EXERCISE MATERIALS:
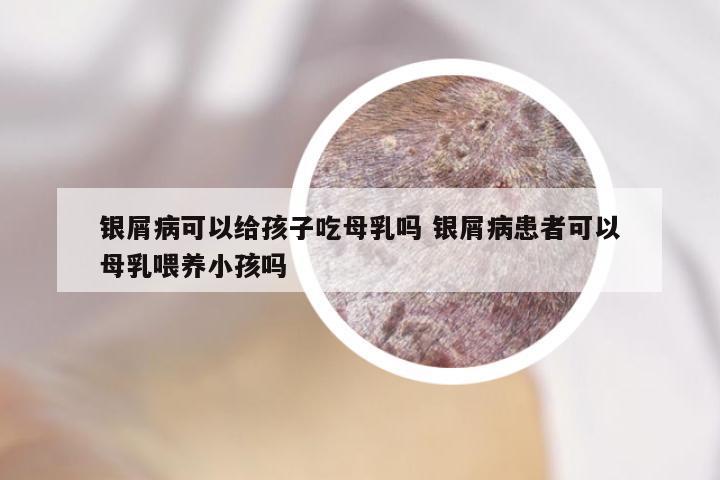 银屑病可以给孩子吃母乳吗 银屑病患者可以母乳喂养小孩吗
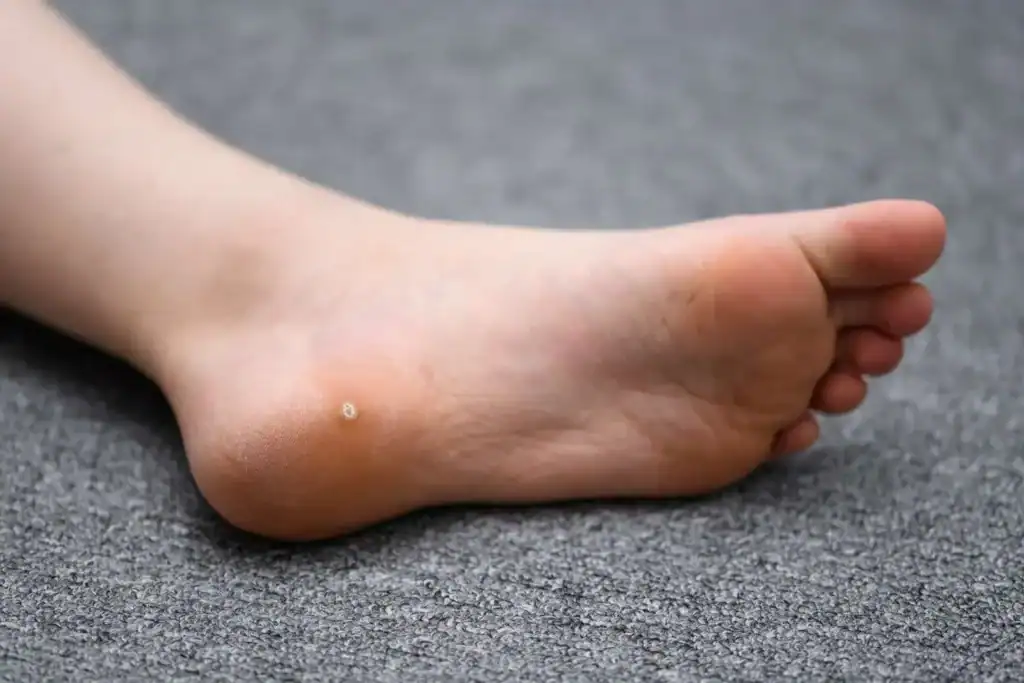 Cryotherapy For Warts And Also Verrucas 2 Image of verruca on the bottom of the foot that able to be treated with Cryotherapy Surrey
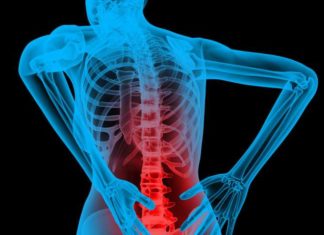 The Causes of Back Pain and How to Relieve It Without Surgery Back Pain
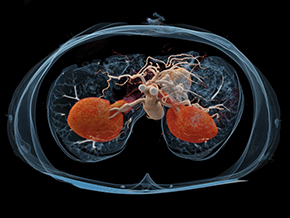 Photon-Counting CT Allows for Comprehensive Lung Imaging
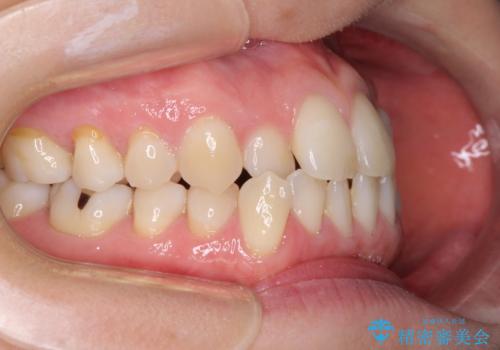 受け口傾向の歯並びをインビザラインで改善の治療前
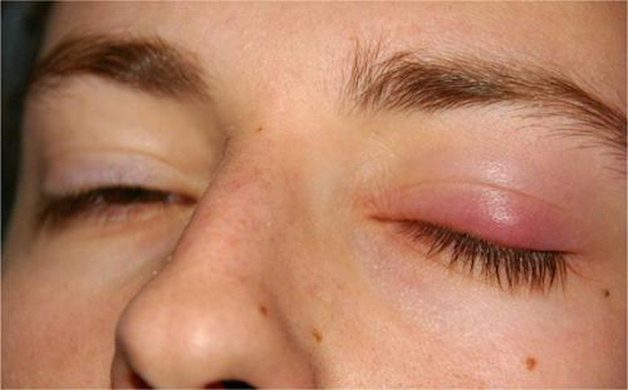 Chắp lẹo là căn bệnh thường gặp ở tất cả mọi người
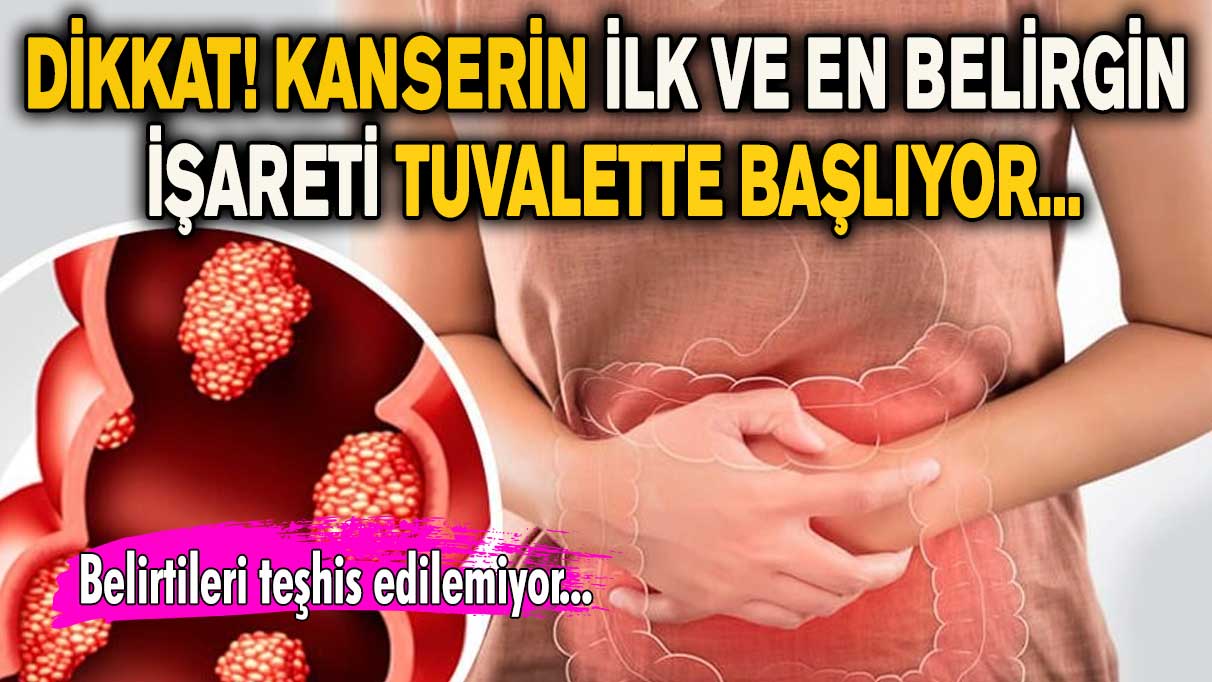 Dikkat! Kanserin ilk ve en belirgin işareti tuvalette başlıyor...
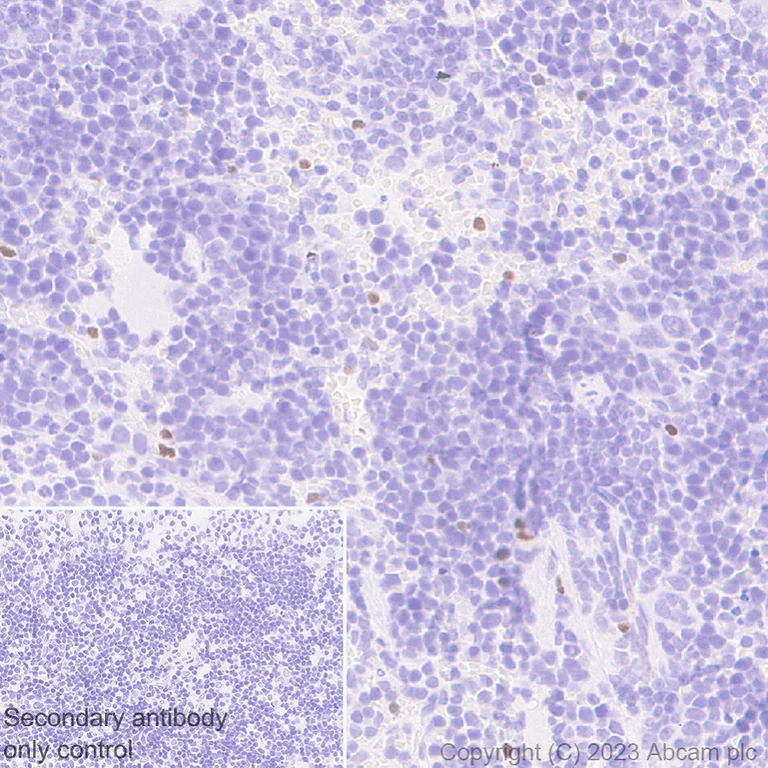 Immunohistochemistry (Formalin/PFA-fixed paraffin-embedded sections) - Anti-TBR2 / Eomes antibody [EPR26474-17] (AB315794)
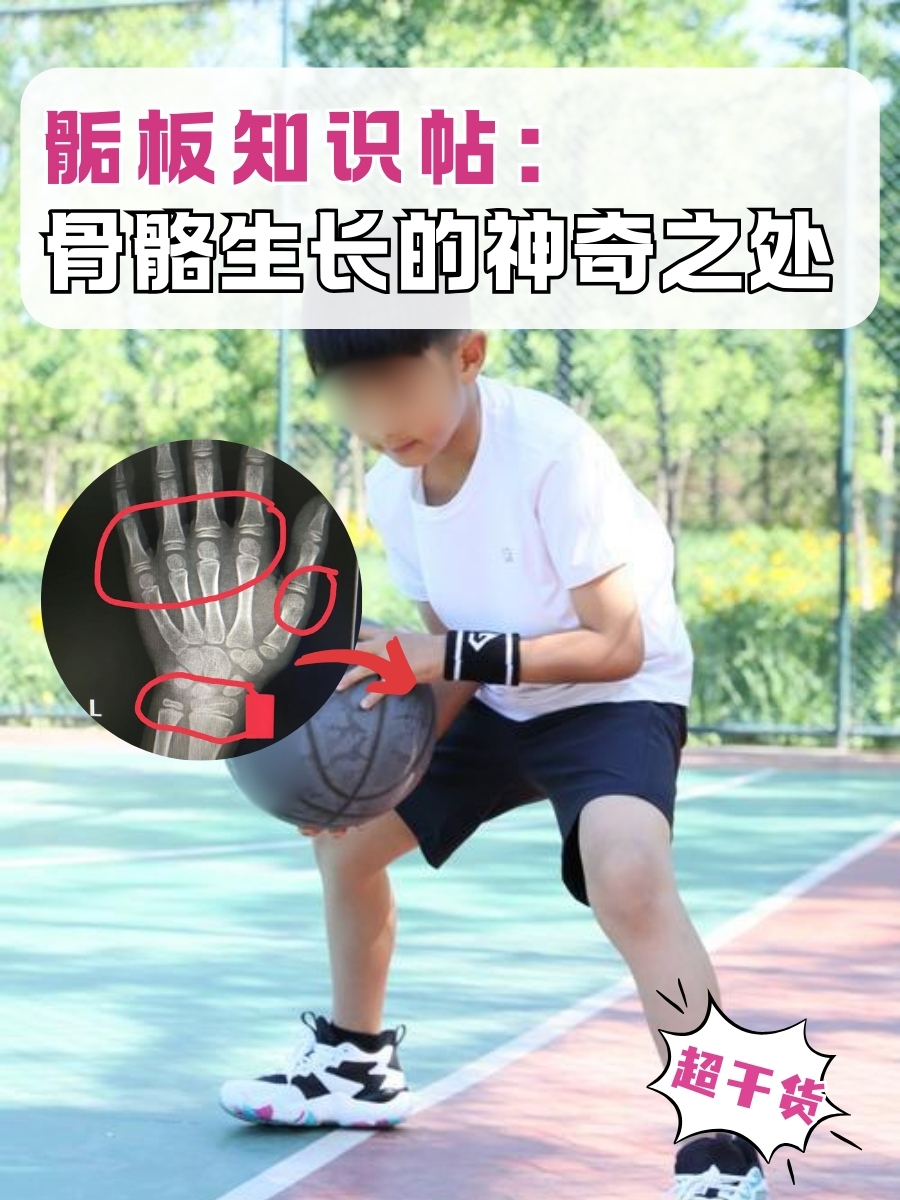 骺板知识帖:骨骼生长的神奇之处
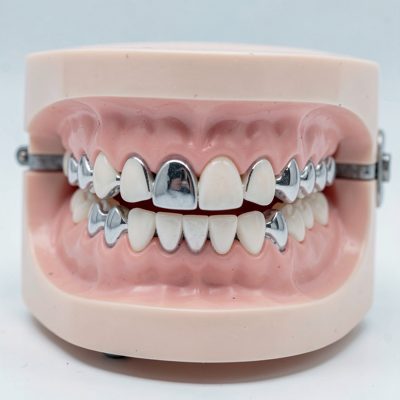 a set of braces on a dental model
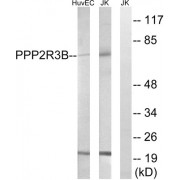 Western blot analysis of extracts from HuvEc cells and Jurkat cells, using PPP2R5D antibody.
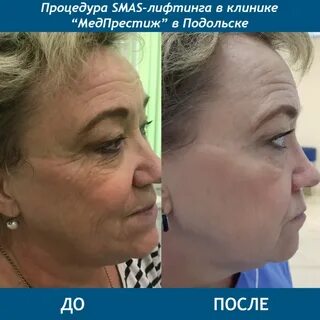 Смас лифтинг сколько процедур нужно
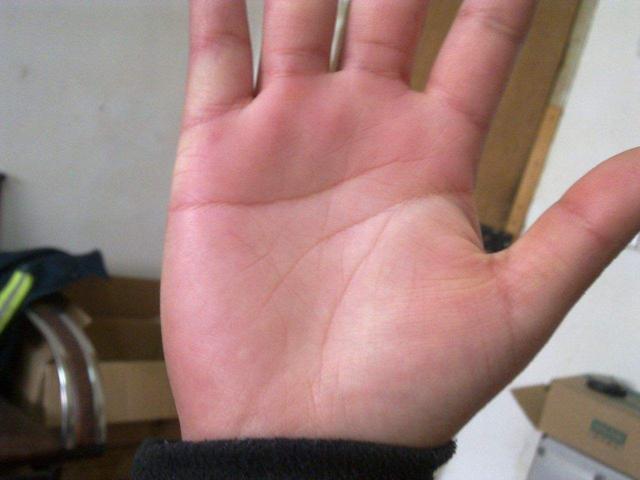 掌纹是健康的晴雨表, 医生: 如果你是这3种, 赶紧去医院检查!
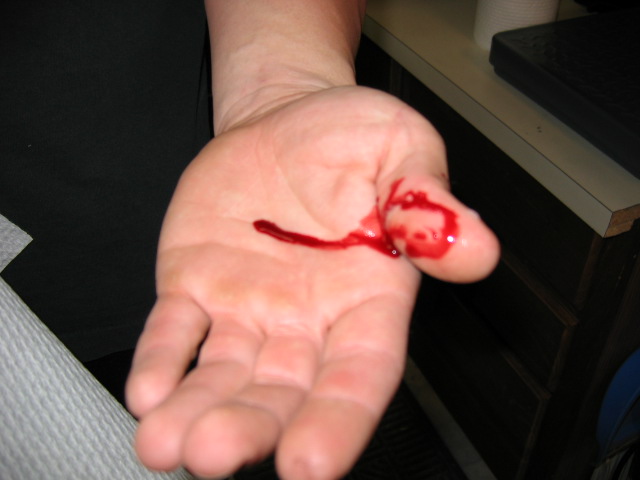 Snake bite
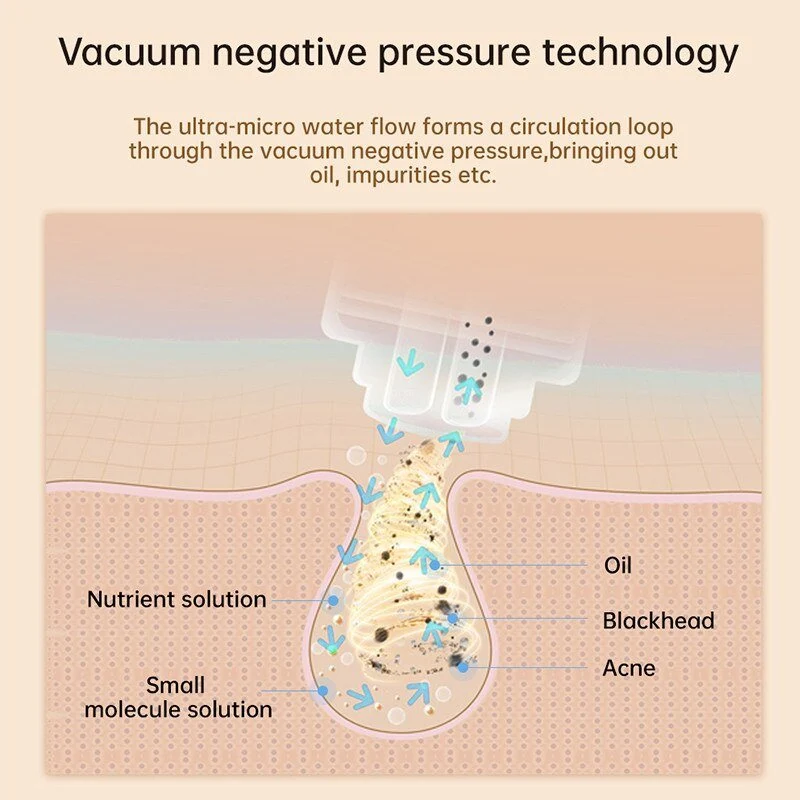 Xiaomi inFace Thermal Aqua Peel Facial Device Electric Acne Cleaning Blackhead Remover Black Point Cleaner Home Use Face Cleansing Tools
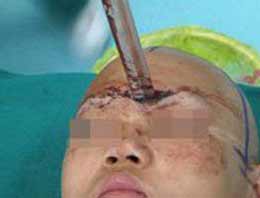 Samuray kılıcı başına saplandı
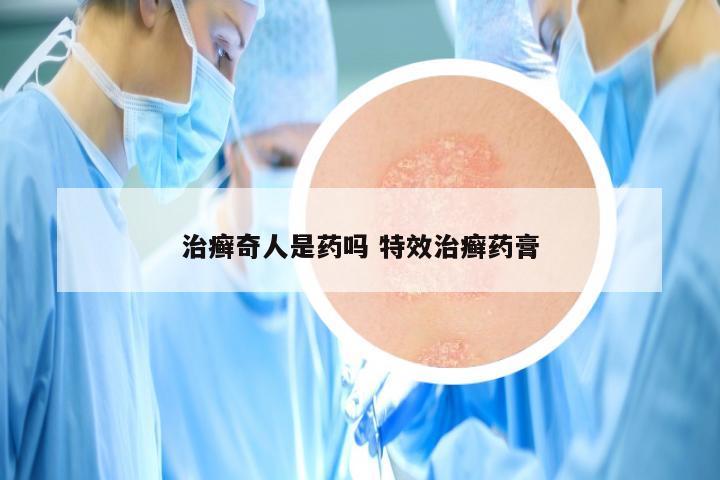 治癣奇人是药吗 特效治癣药膏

THE TASK:
Your copy should restate every record word for word and contain no pictures.

WRITTEN SOLUTION:
 银屑病可以给孩子吃母乳吗 银屑病患者可以母乳喂养小孩吗
 Cryotherapy For Warts And Also Verrucas 2 Image of verruca on the bottom of the foot that able to be treated with Cryotherapy Surrey
 The Causes of Back Pain and How to Relieve It Without Surgery Back Pain
 Photon-Counting CT Allows for Comprehensive Lung Imaging
 受け口傾向の歯並びをインビザラインで改善の治療前
 Chắp lẹo là căn bệnh thường gặp ở tất cả mọi người
 Dikkat! Kanserin ilk ve en belirgin işareti tuvalette başlıyor...
 Immunohistochemistry (Formalin/PFA-fixed paraffin-embedded sections) - Anti-TBR2 / Eomes antibody [EPR26474-17] (AB315794)
 骺板知识帖:骨骼生长的神奇之处
 a set of braces on a dental model
 Western blot analysis of extracts from HuvEc cells and Jurkat cells, using PPP2R5D antibody.
 Смас лифтинг сколько процедур нужно
 掌纹是健康的晴雨表, 医生: 如果你是这3种, 赶紧去医院检查!
 Snake bite
 Xiaomi inFace Thermal Aqua Peel Facial Device Electric Acne Cleaning Blackhead Remover Black Point Cleaner Home Use Face Cleansing Tools
 Samuray kılıcı başına saplandı
 治癣奇人是药吗 特效治癣药膏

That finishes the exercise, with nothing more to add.